BEGIN Dataset content
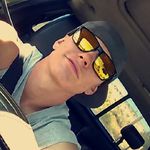bailey penrod - @penrodbailey - Instagram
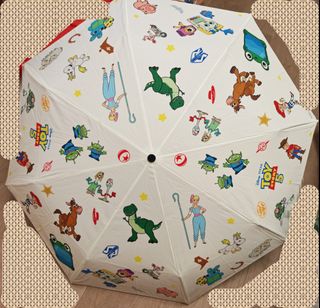 （分類：）位於 。 由 kiriy 提交（商品編號 1449232994，圖片 1）。簡介： 。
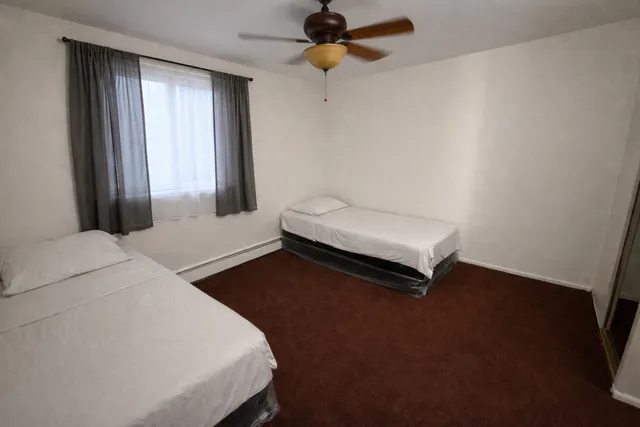 $129,999 | 740 Hill Drive, Unit 303, Hoffman Estates, IL 60169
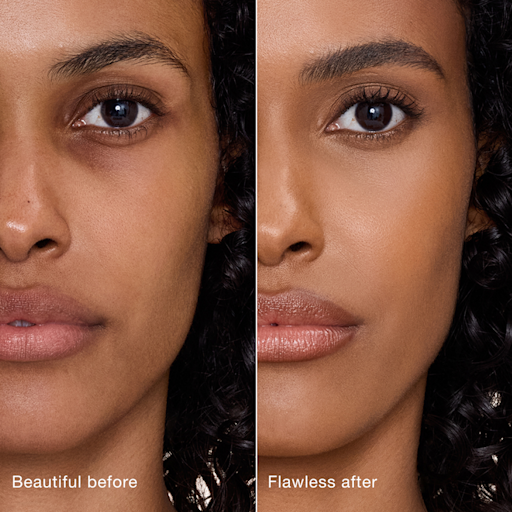 Airbrush Flawless BLUR KONSEALER 11.5 TAN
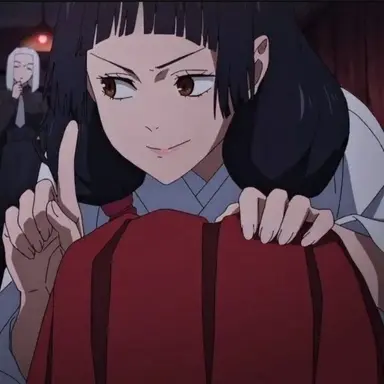 Profile image of 이오리 우타히메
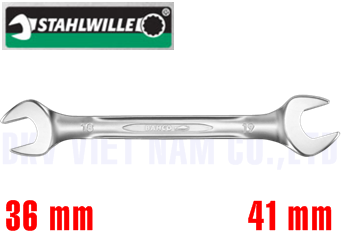 Cờ lê Stahlwille 40033641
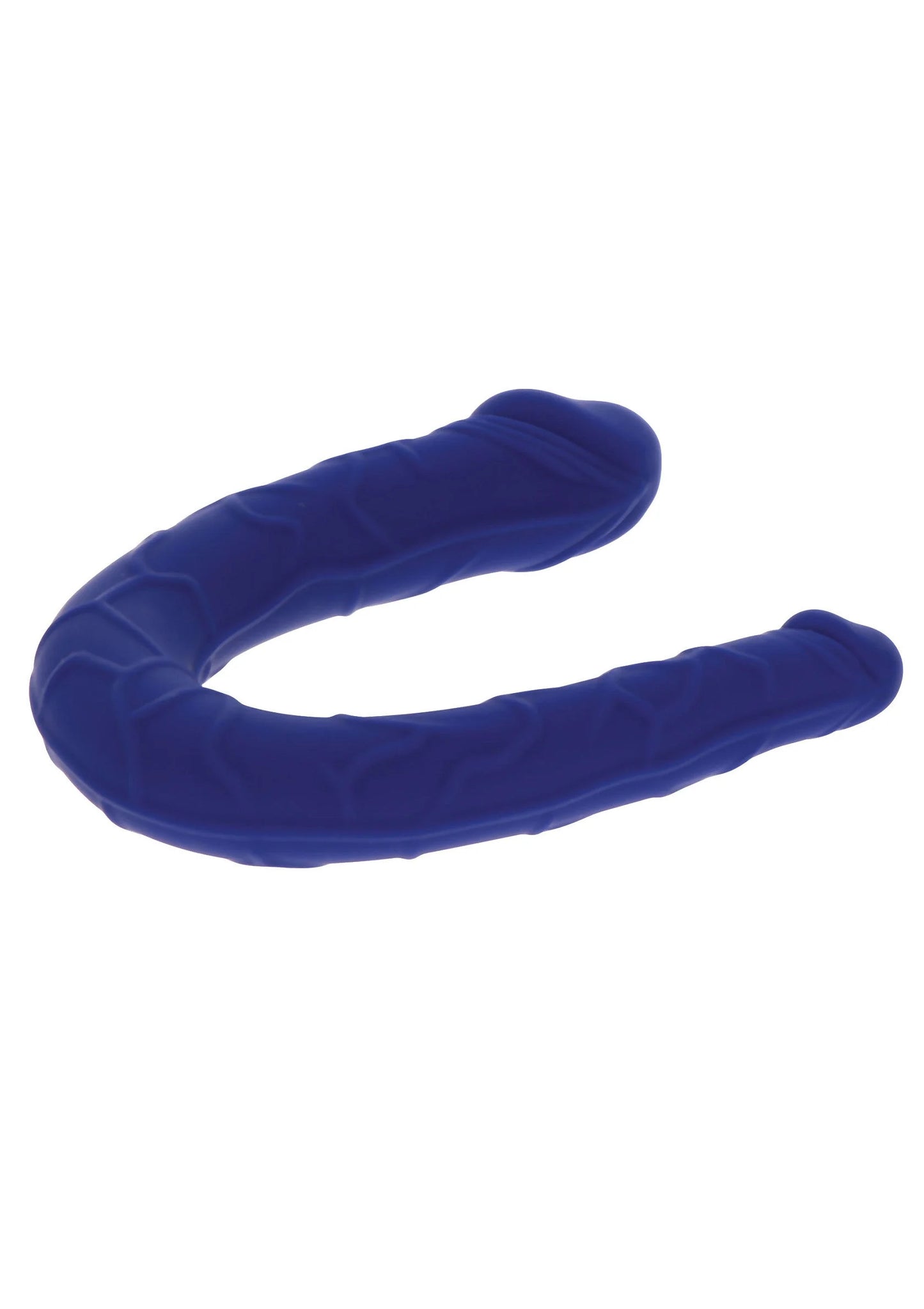 Beste vandaag nog: Double Dong Realistic Mini Silicone - bij Happytoys Sexshop: online sex shop for Feeling Happy & Easy 😊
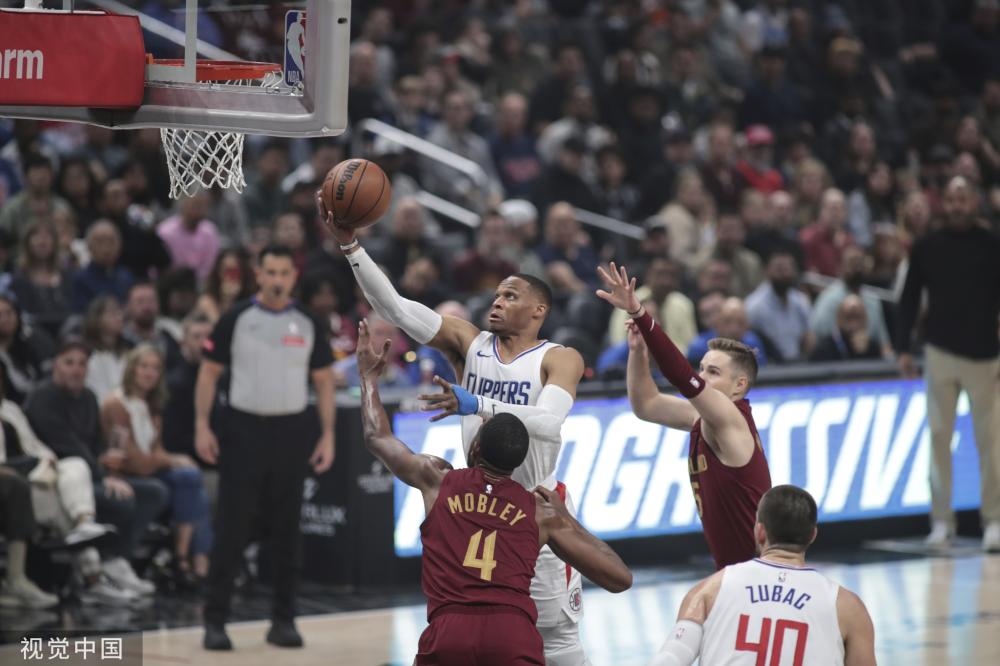 的场合中表 的场合中表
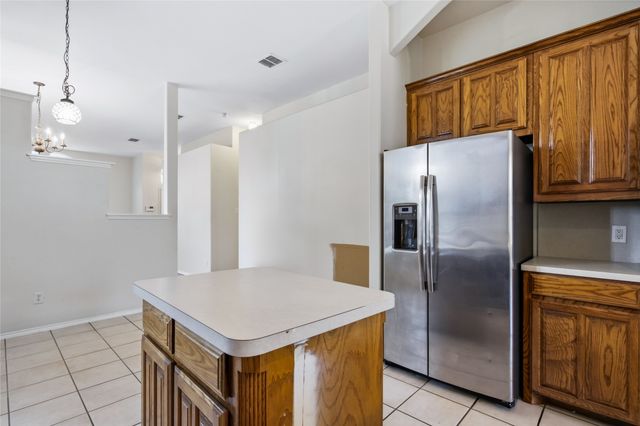 8377 Edgepoint Trail, Fort Worth, TX 76053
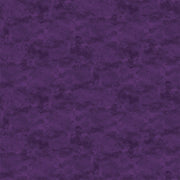 FQ Toscana Violet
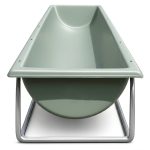 2.4M Trough - Image 4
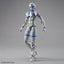 Bandai 30 Minutes Fantasy 30MF 1/144 Liber Holy Knight Model Kit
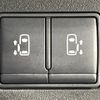 nissan serena 2012 CFJ1506945 image 7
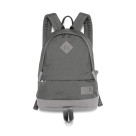 THE NORTH FACE Purple Label/ザ ノースフェイス パープルレーベル/CORDURA Nylon Medium Day Pack バッグパック　リュック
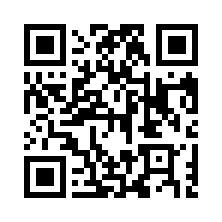 QR Code for 1ArmN2Bg9vA1saEnnJFnCdhHurfBiNPse8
END Dataset content
▶ Directions for this task:
Exactly as they stand, write the lines from the one holding "FQ Toscana Violet" to the end of the material, both ends included. Do not copy the pictures.

▶ Exercise answer:
 FQ Toscana Violet
 2.4M Trough - Image 4
 Bandai 30 Minutes Fantasy 30MF 1/144 Liber Holy Knight Model Kit
 nissan serena 2012 CFJ1506945 image 7
 THE NORTH FACE Purple Label/ザ ノースフェイス パープルレーベル/CORDURA Nylon Medium Day Pack バッグパック　リュック
 QR Code for 1ArmN2Bg9vA1saEnnJFnCdhHurfBiNPse8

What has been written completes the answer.